The Judicial Conference of the United States has announced today approved key steps to improve public access to federal courts by increasing the availability of court opinions and expanding the services and reducing the costs for many users of the Public Access to Electronic Court Records (PACER) system. At its biannual meeting in Washington, D.C., the Conference voted to:
-- Allow courts, at the discretion of the presiding judge, to make digital audio recordings of court hearings available online to the public through PACER, for $2.40 per audio file.

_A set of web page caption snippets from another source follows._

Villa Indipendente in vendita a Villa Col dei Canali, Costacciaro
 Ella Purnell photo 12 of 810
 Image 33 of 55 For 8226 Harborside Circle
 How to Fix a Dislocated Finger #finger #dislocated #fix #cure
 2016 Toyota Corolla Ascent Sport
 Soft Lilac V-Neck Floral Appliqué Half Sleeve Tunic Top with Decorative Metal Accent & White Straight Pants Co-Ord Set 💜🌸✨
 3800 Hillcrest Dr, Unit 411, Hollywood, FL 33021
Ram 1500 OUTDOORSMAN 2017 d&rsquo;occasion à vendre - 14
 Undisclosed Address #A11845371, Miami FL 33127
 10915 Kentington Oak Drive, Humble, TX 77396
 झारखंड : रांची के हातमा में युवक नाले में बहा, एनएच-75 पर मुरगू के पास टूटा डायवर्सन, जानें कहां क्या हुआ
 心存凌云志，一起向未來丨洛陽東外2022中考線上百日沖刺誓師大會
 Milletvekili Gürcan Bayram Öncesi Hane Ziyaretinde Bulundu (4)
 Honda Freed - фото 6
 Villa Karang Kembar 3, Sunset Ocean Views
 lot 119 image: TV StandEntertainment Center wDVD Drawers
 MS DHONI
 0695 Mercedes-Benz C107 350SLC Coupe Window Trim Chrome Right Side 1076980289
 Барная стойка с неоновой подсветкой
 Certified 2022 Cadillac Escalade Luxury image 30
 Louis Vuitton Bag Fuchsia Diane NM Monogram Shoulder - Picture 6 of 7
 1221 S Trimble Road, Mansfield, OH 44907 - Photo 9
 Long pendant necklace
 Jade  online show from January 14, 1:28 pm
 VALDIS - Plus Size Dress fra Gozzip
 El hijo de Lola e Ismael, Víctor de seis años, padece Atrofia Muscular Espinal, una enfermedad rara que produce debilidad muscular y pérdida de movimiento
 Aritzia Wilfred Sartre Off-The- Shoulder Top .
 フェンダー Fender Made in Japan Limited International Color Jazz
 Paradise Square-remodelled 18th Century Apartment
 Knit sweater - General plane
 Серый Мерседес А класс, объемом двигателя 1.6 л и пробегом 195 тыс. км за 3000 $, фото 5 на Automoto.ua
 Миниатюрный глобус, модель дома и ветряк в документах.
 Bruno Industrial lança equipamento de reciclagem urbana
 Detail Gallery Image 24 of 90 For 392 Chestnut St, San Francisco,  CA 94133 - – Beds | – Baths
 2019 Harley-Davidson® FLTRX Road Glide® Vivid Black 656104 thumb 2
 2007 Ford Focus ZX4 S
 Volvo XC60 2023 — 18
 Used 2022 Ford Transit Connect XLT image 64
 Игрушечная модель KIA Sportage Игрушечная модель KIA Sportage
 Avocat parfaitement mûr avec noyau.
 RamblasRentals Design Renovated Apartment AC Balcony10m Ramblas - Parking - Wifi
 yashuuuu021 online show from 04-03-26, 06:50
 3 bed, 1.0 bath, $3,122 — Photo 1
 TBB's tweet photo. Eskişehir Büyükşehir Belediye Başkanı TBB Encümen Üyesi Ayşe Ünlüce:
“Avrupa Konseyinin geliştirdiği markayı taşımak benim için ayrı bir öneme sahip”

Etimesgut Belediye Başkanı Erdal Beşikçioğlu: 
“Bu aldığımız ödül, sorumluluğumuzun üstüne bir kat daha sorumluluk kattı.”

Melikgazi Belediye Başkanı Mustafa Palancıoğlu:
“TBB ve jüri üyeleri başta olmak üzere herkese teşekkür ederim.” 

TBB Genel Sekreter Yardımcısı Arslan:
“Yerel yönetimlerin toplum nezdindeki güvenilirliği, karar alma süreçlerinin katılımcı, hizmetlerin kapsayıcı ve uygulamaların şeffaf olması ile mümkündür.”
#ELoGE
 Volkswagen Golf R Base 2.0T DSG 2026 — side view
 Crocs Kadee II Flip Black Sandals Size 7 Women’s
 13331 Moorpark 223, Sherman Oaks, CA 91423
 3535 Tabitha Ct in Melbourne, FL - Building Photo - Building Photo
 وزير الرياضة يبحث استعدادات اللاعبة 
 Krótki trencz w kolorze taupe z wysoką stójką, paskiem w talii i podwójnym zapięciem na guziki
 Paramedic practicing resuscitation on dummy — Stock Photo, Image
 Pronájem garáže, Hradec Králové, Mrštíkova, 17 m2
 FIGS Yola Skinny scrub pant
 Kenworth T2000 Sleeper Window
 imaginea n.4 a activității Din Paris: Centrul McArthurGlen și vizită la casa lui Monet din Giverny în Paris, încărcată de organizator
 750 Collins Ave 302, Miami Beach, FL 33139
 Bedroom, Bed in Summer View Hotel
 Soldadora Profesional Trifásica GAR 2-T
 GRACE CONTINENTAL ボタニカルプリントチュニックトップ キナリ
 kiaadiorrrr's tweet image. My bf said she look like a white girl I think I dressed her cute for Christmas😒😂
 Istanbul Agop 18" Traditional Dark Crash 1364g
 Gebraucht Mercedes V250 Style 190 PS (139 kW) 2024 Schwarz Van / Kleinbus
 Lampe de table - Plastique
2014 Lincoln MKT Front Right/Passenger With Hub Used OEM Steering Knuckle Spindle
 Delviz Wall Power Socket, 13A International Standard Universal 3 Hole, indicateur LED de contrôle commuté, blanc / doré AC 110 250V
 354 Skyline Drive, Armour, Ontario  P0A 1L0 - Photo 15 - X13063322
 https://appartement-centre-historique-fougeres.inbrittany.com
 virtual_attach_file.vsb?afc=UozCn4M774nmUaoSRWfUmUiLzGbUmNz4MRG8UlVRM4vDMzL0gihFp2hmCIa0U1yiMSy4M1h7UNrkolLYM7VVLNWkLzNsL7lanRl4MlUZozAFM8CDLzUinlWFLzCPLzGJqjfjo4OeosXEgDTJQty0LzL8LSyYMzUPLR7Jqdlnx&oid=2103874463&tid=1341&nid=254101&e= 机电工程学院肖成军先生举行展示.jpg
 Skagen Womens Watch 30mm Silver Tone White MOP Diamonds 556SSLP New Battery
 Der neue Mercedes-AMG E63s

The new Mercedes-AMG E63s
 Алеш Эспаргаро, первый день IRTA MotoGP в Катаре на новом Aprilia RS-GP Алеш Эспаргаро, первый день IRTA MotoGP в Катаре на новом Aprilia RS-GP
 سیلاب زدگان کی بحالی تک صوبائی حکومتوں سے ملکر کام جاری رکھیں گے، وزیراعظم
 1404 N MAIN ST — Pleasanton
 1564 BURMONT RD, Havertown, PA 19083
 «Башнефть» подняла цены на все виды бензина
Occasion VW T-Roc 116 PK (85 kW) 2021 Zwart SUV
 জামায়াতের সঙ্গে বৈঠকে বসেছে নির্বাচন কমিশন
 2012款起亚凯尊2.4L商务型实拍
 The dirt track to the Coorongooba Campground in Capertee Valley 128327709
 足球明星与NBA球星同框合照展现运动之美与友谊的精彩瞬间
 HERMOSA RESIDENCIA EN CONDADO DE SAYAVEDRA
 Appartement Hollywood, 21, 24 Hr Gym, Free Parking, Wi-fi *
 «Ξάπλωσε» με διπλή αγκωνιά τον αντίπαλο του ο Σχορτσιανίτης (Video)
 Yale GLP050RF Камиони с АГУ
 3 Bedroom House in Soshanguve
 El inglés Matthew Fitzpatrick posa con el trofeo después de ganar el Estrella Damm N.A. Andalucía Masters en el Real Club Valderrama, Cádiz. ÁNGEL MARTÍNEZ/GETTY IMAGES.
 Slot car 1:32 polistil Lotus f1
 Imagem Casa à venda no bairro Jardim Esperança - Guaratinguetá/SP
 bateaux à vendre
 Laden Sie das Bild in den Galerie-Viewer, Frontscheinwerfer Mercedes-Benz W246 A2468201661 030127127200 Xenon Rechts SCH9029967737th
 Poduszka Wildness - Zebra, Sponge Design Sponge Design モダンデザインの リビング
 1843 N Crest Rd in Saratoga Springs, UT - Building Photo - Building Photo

— Adjust the Electronic Public Access fee schedule so that users are not billed unless they accrue charges of more than $10 of PACER usage in a quarterly billing cycle, in effect quadrupling the amount of data available without charge. Currently, users are not billed until their accounts total at least $10 in a one-year period.
— Approve a pilot in up to 12 courts to publish federal district and bankruptcy court opinions via the Government Printing Office’s Federal Digital System (FDsys) so members of the public can more easily search across opinions and across courts.
The Conference approved the plan to make digital audio recordings available on PACER after a two-year pilot project showed significant public interest in accessing these files. Prior to the pilot, such access was possible only by obtaining a CD recording from a court clerk’s office for $26. During the pilot, Internet access to the same content cost eight cents, but the $2.40 fee approved today was deemed by the Conference to be reasonable and come closest to recouping, but not exceeding, costs. Digital audio recording is used in most bankruptcy and district courts (where magistrate judges account for most of the usage).
For printed court documents, the $10 fee waiver affects tens of thousands of PACER users. In fiscal year 2009, about 153,000 PACER account holders—nearly half of all active accounts— did not receive a bill. For that 12-month period, a quarterly waiver would have affected an additional 85,000 accounts— resulting in 75 percent of all active accounts not receiving bills. Analysis of fiscal year 2008 billing data showed a similar impact.